I've been trying the BP_sLDA code on a few small-size topic modeling problems, just to get a sense of its behavior relative to a few other baselines. I'm finding that the updates may not be numerically stable. Frequently, I see that after ~50 updates or so the learned topic-word parameters become all NaN.

Dataset stats:

1000 docs

144 vocab words

Model stats:

10 topics (--nHid)

Alg stats:

batch_size 1000

phi learning rate = 0.05 (mu_Phi)

u learning rate = 0.05 (mu_U)

I've tried several values of the number of hidden layers (--nHidLayer of 10, 25, and 100). It generally seems that producing NaN is more likely with higher numbers of hidden layers. With 100 hidden layers, I tend to get NaNs every time, but with fewer, I get NaNs less often (though still occasionally).

I'm digging into which updates exactly might cause the NaN values, but no answers yet. Any ideas?

— You are receiving this because you are subscribed to this thread. Reply to this email directly, view it on GitHub https://github.com/jvking/bp-lda/issues/2, or mute the thread https://github.com/notifications/unsubscribe-auth/AP19Cf9x4-1BZx9ydGrmayHdN7senvPNks5rg1vdgaJpZM4MNxE7 .

jvking commented 7 years ago

Hi Mike,

Also could you let us know your values for alpha and beta? If you set alpha < 1 and large T, that could be another possibility.

On Mon, Feb 27, 2017 at 3:31 PM, Ji He jvking@uw.edu wrote:

Thanks Mike, I will look into this issue. Can you first look into debug information and see if the gradient is too large? That's might cause NaN and you will need to decrease your learning rate, but anyway I will look into this further.

On Mon, Feb 27, 2017 at 3:27 PM, Mike Hughes notifications@github.com wrote:

First, thanks for making this implementation open source! Your hard work is appreciated!
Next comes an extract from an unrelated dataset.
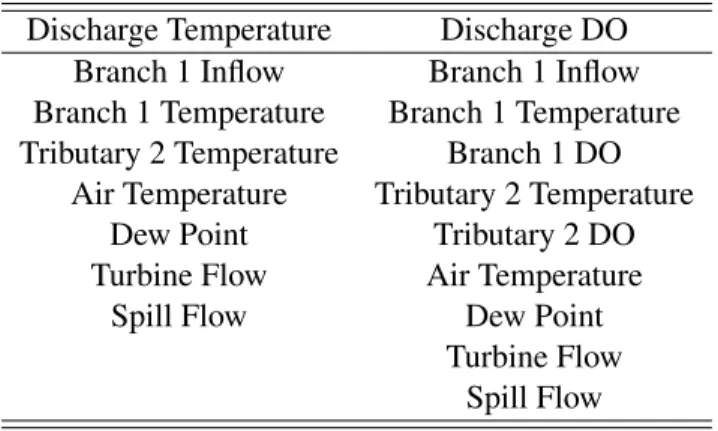 Table III.2: Exogenous variables lists for Old Hickory discharge NARX models.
I've been trying the BP_sLDA code on a few small-size topic modeling problems, just to get a sense of its behavior relative to a few other baselines. I'm finding that the updates may not be numerically stable. Frequently, I see that after ~50 updates or so the learned topic-word parameters become all NaN.

Dataset stats:

1000 docs

144 vocab words

Model stats:

10 topics (--nHid)

Alg stats:

batch_size 1000

phi learning rate = 0.05 (mu_Phi)

u learning rate = 0.05 (mu_U)

I've tried several values of the number of hidden layers (--nHidLayer of 10, 25, and 100). It generally seems that producing NaN is more likely with higher numbers of hidden layers. With 100 hidden layers, I tend to get NaNs every time, but with fewer, I get NaNs less often (though still occasionally).

I'm digging into which updates exactly might cause the NaN values, but no answers yet. Any ideas?

— You are receiving this because you are subscribed to this thread. Reply to this email directly, view it on GitHub https://github.com/jvking/bp-lda/issues/2, or mute the thread https://github.com/notifications/unsubscribe-auth/AP19Cf9x4-1BZx9ydGrmayHdN7senvPNks5rg1vdgaJpZM4MNxE7 .

michaelchughes commented 7 years ago

I've set alpha = 1.0 and beta = 1.0. Here's some debug traces, where I think "G_Phi" is the printed value of the expression Grad.grad_Q_Phi.MaxAbsValue()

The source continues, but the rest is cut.